The new rules also set the total annual compensation requirement for highly compensated employees (HCE) subject to a to the annual equivalent of the 90th percentile of full-time salaried workers nationally at $134,000, up previously from $100,000. The initial increases to the standard salary level and HCE total annual compensation will be effective on Dec. 1, 2016. Future automatic to those thresholds that are part of the new rules will occur every three years, beginning on January 1, 2020.
ARKANSAS LABOR CHIEF PRAISES NEW RULES
Arkansas AFL-CIO President Alan Hughes calls the new overtime rules an important first step to guarantee overtime protections to millions more working people by raising the salary threshold for overtime protections. In Arkansas, Hughes said that means “conservatively” that about 50,000 Arkansans would be guaranteed overtime protection according to the Department of Labor.
“We are proud of President Obama taking this important step and we think it needed to be done and will help double the salaries of some workers,” Hughes said Tuesday morning. “This not helps Arkansas workers, but this extra money in their pocket will also be put right back into the Arkansas economy. Sone of our workers live from paycheck to paycheck and this is a step back to where the (overtime rules) ought to be.”
Randy Zook, president and CEO of the Arkansas State Chamber of Commerce/Associated Industries of Arkansas, said the new rules will have “unintended consequences” when the Labor Department released its final proposal last year.
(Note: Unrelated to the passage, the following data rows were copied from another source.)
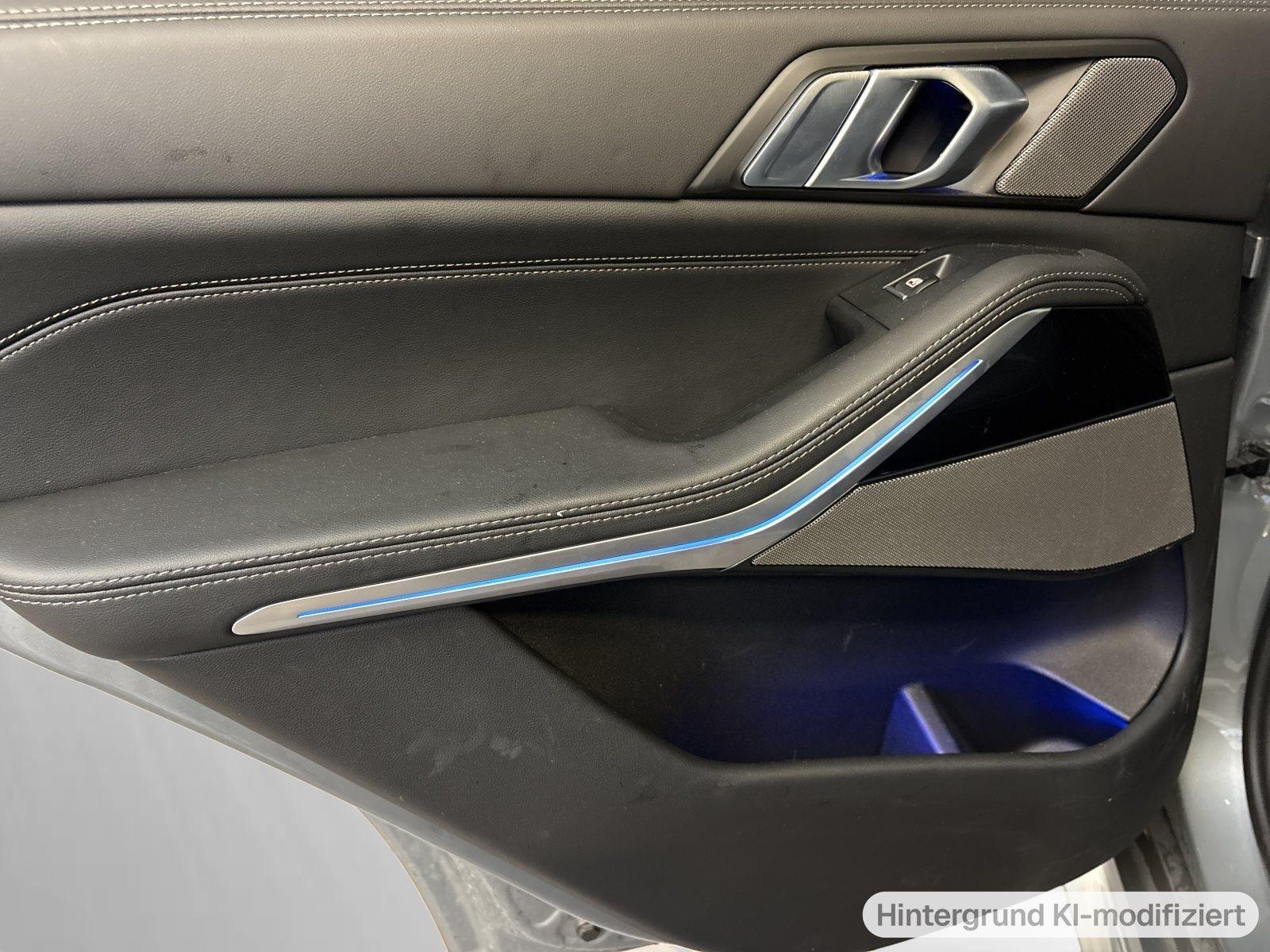 BMW X5 – Bild 16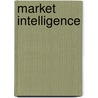 Market Intelligence door Per V. Jenster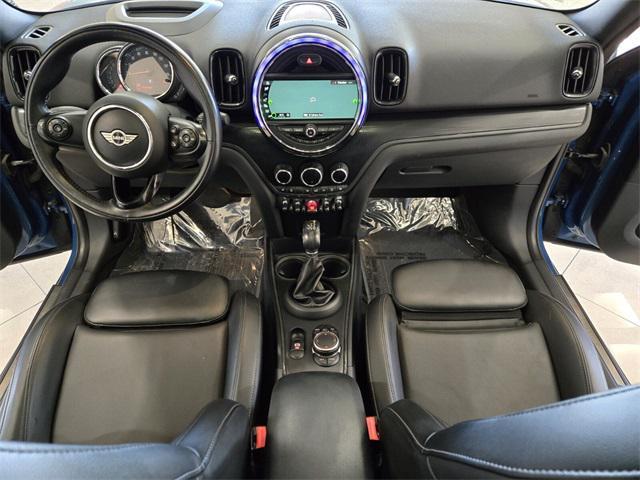 used 2018 MINI Countryman car, priced at $20,000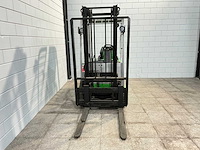 Cesab - 2011 - b316 - vorkheftruck - afbeelding 12 van  18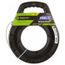 150' x 1/8" Steel Fishtape with Leader, FTS438DL-150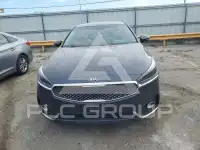 2017 KIA Cadenza photo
“If the intent is to help the middle class, this is a foolish way to do it,” Zook said. “Once again, unintended consequences will produce an unexpected – and undesirable – outcome.”
OPPONENTS SAY RULES ARE A ‘CAREER KILLER’
On Tuesday evening, as word leaked out that the Labor Department’s new federal overtime rules would going into effect today, several industry groups across a number of sectors lambasted the president’s overtime mandate.
The National Council of Chain Restaurants (NCCR) issued the following statement from Executive Director Rob Green strongly objecting to the Labor Department’s new federal overtime regulations: “By dramatically increasing the wage threshold for determining a restaurant manager’s overtime eligibility, key management positions will be eliminated, restaurant employee career advancement will be derailed and workplace morale will plummet,” Green said.
Green said NCCR will work with Congress to try and make the Labor Department “go back to the drawing board to find a workable solution.”
“If this outrageous regulation remains unchanged, chain restaurants will be forced to convert tens of thousands of managers from being salaried professionals to hourly status in order to avoid costly and unpredictable impacts. Restaurant owners across the country are asking why the federal government wants to take a salary away from restaurant managers,” Green said.
The National Retail Federation, the world’s largest retail trade group, called the new overtime rules a “career killer.”
“With the stroke of a pen, the Labor Department is demoting millions of workers,” said David French, NCR’s vice president of government relations. “In the retail sector along, hundreds of thousands of career professionals will lose their status as salaried employees find themselves reclassified as hour workers, depriving them of workplace flexibility and other benefits they so highly-value. And the one-size-fits-all approach means businesses trying to make ends meet in small towns across America are now expected to pay the same salaries as those in New York City.”